| WORK REQUIRED |
Starting at the line with "House image located at Decatur, IL 62522" and ending at the line with "Images Biorganic Ibiza", print exactly the lines of the entries below. Pictures do not belong in the copy.

| MATERIAL TO PROCESS |
▬▬▬▬▬▬
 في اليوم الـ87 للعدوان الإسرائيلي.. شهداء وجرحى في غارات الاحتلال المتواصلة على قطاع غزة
▬▬▬▬▬▬
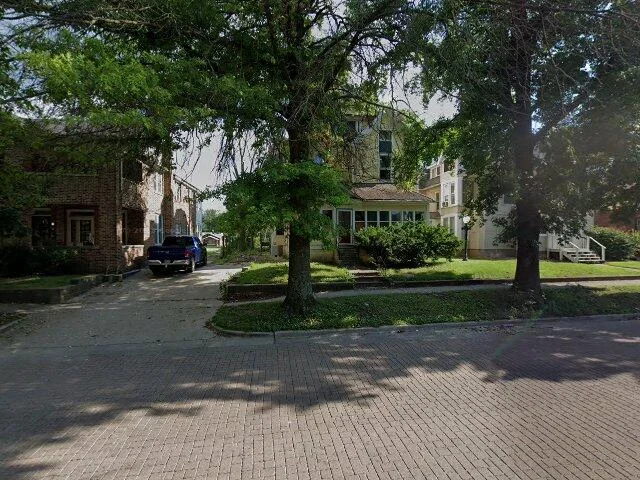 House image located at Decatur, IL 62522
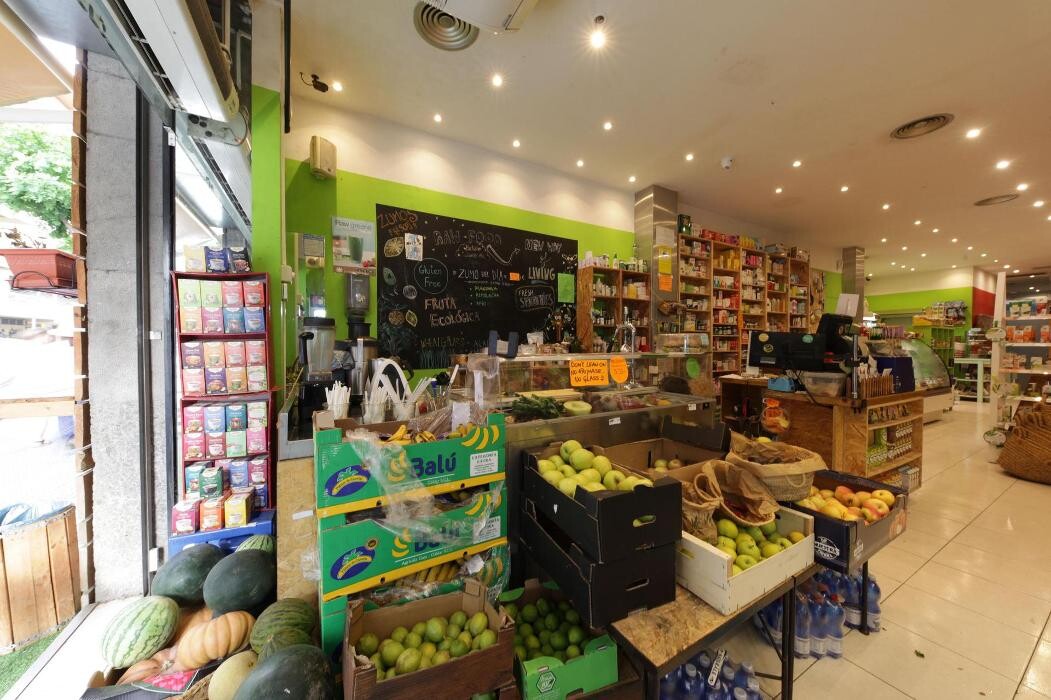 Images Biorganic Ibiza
▬▬▬▬▬▬
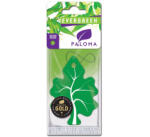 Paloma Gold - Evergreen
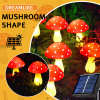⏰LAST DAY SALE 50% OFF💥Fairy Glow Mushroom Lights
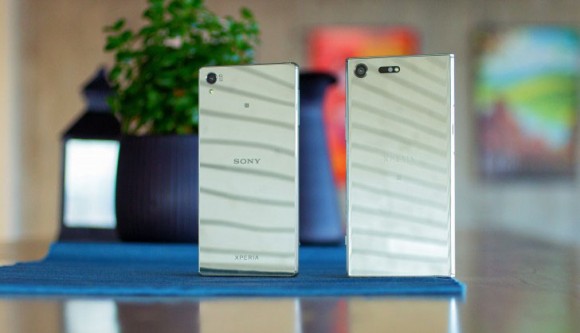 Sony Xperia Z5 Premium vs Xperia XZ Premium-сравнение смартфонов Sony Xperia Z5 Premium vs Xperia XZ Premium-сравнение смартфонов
▬▬▬▬▬▬
| TASK RESPONSE |
 House image located at Decatur, IL 62522
 Images Biorganic Ibiza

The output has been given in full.